The energy sector, the industry that keeps all our lights on, has had a mixed month. Sir John Armitt, chair of the National Infrastructure Commission, wrote a letter to Jeremy Hunt, the Chancellor, stating that Whitehall was taking “too long” to decide on measures to support private investment to help decarbonise important parts of the electricity sector. Numbers were also published that the UK has spent £85bn on gas over the last 2.5 years. This is some £25bn more than it would have spent on gas in the 2.5-year period before the energy price crisis began. The vast majority of this money was spent on imports does not remain within the British economy.

There were glimmers of hope, however, in figures that the UK has halved domestic emissions since 1990, mainly due to a shift towards renewables, whilst within the same timeframe the national economy has grown by almost 80%.

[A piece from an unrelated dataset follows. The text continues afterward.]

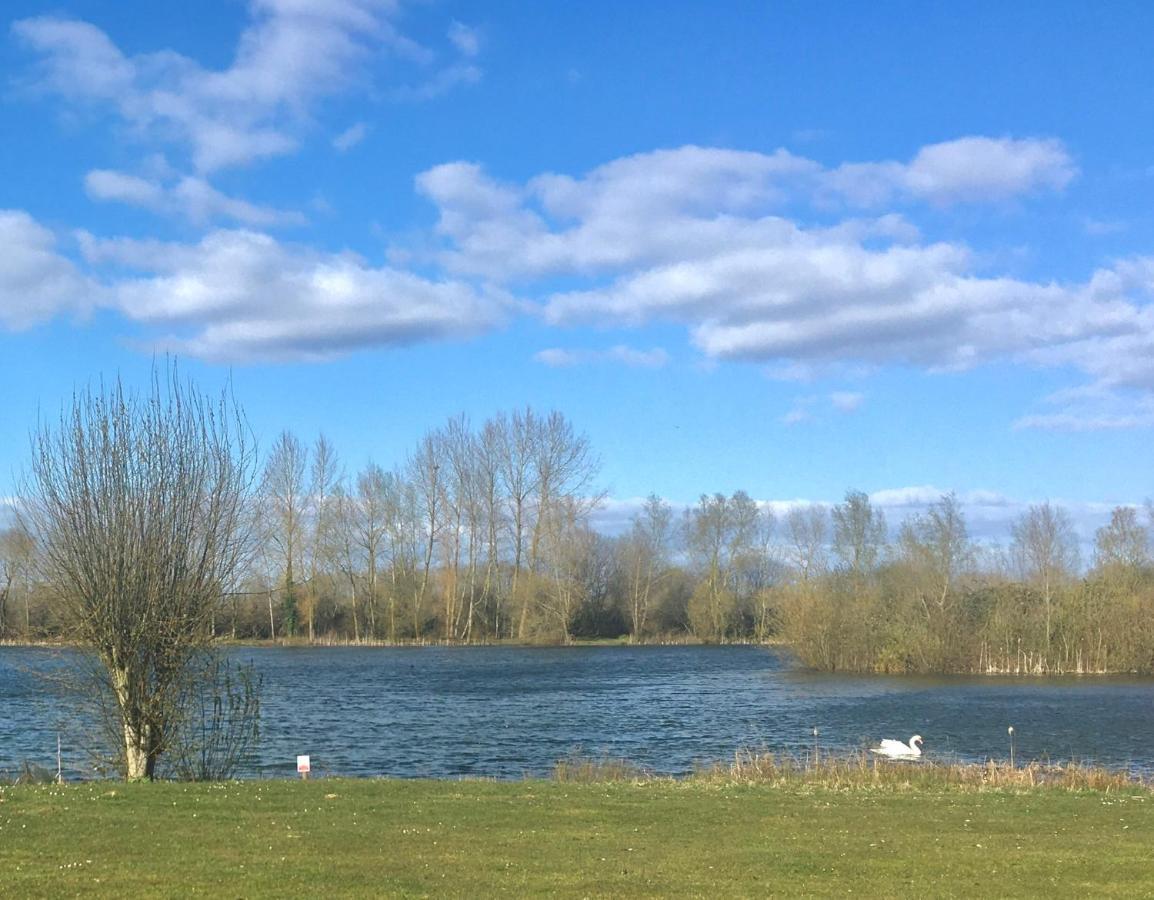 Lodge 12 South Cerney Εξωτερικό φωτογραφία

That said, there were also stark warnings that now is not the time to rest on laurels. The UK's Committee on Climate Change issued a statement warning against complacency, urging sustained efforts to meet ambitious emissions reduction targets. The need for continued momentum is underscored by the CCC's caution against carrying forward surplus emissions in carbon budgets, emphasizing the importance of maintaining a rigorous trajectory towards net-zero emissions.

But would things be better under Labour – the jury is out this month as Sir Keir Starmer rowed back on pledges on insulation and £28bn green fund. That one certainly did grab the headlines… 

Don’t go thinking that the UK is alone in its challenges, with neighbours across Europe also seeking to balance economic interests with environmental sustainability. Green shoots were spouted as the EU Parliament passed landmark legislation aimed at restoring nature, setting binding targets for ecosystem restoration, and signalling a commitment to biodiversity conservation and climate resilience. It was not unanimous, however, with the Bill receiving fierce and last-minute objections from right-wing lawmakers against the backdrop of farming protests.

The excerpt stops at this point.